Come si prende il comando di una formula uno a forte rischio testacoda a poche curve dal traguardo? Nessun segreto. O forse si. Farsi guidare dall’esperienza: “Senza quella non sarei riuscito a portare la Reggina in serie A, bisognava fare i conti con l’intensità e una pressione mai provata prima. La mia fortuna è stata quella di conoscere a menadito il campionato cadetto, ne avevo già venti alle spalle da allenatore. Il gruppo era ristretto, 15-16 giocatori appena. Preferisco cosi, piuttosto che le rose extralarge che vanno tanto di moda oggi”. I capelli imbiancati sono sinonimo di saggezza e aiutano nelle scelte. Come quella, confidata da Bolchi 15 anni dopo, che facilitò il compito della Reggina in quell’infuocato pomeriggio all’Adriatico…: “Durante la settimane lessi dai giornali che De Canio, per far fronte all’assenza di un difensore squalificato, meditava di arretrare Allegri, solitamente centrocampista offensivo. Conoscevo e apprezzavo le qualità di Allegri, ma sapevo che schierarlo in difesa poteva comportare dei rischi. Decisi quindi di piazzare Possanzini, il nostro giocatore maggiormente rapido e imprevedibile, sistematicamente dalle sue parti. La scelta fortunatamente si rivelò azzeccata. In caso contrario nemmeno l’avrei confessato (ride, ndr)”.
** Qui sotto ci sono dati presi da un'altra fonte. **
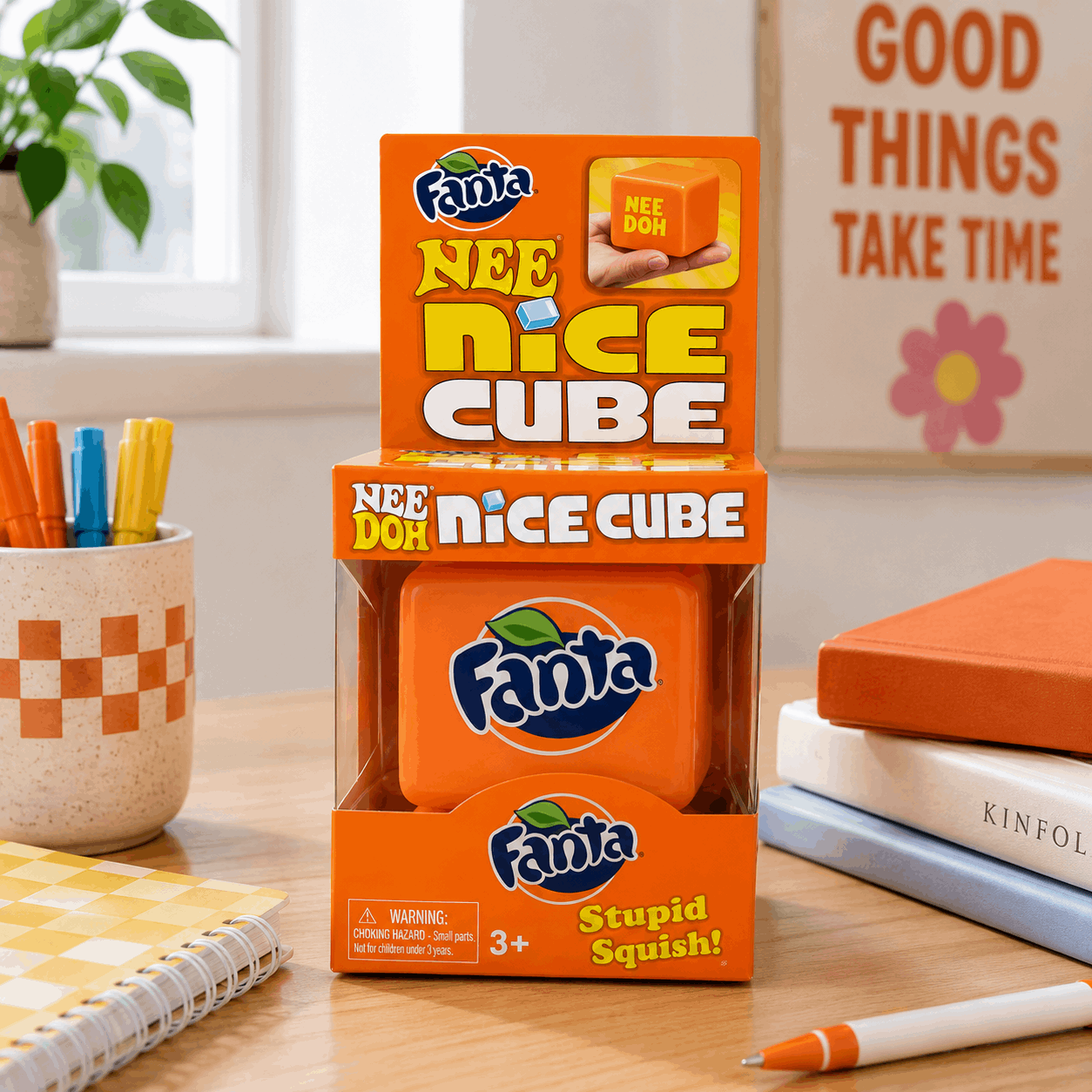 Fanta Nee Nice Cube packaging on a desk with stationery items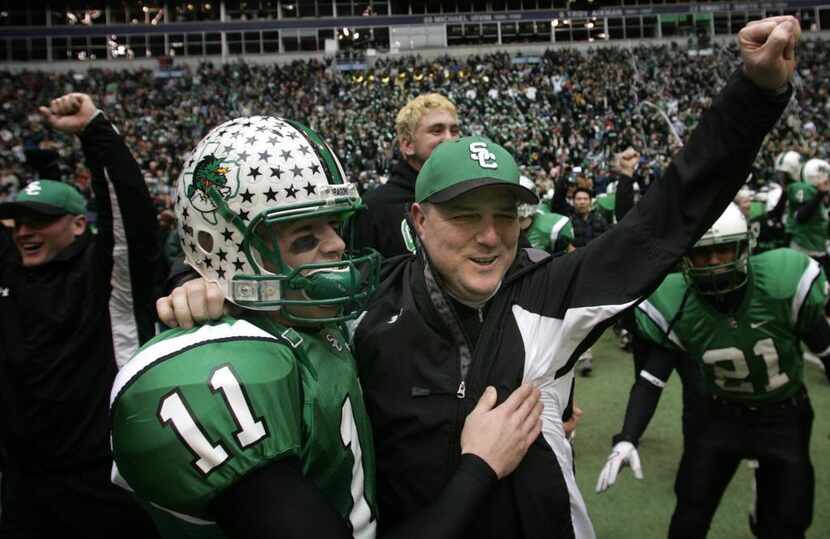 Southlake Carroll head coach Todd Dodge (right) and his sophmore son Riley Dodge (11)...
Un passo indietro. Quella magica esperienza alla guida della Reggina fu in realtà la seconda in riva allo Stretto. Le strade di Bolchi e della società amaranto si incrociano per la prima volta nel 1989. Il fiore all’occhiello attuale, il centro S.Agata, nasceva in quel periodo: “L’allora presidente Benedetto mi portò nella zona dove sarebbe stato costruito. Mi disse ‘Vedi, qui costruiremo il nostro futuro’. Ero perplesso, davanti ai miei occhi c’era una discarica, notavo solo frigoriferi, materassi e lampadari ammassati. E invece sono stati bravissimi, il S.Agata è stato un esempio per molte società”. Una squadra con ambizioni limitate terminò invece la stagione al sesto posto. Nel gruppo a disposizione di Bolchi c’era anche Diego Zanin, attuale co-allenatore amaranto: “Era un ragazzino di qualità, faceva parte di una nidiata di giocatori veneti, tutti bravi. Una citazione particolare per Massimo Orlando, trequartista dal talento sopraffino. Arrivammo sesti, fu una stagione positiva e che permise di gettare le basi per la Reggina del domani”.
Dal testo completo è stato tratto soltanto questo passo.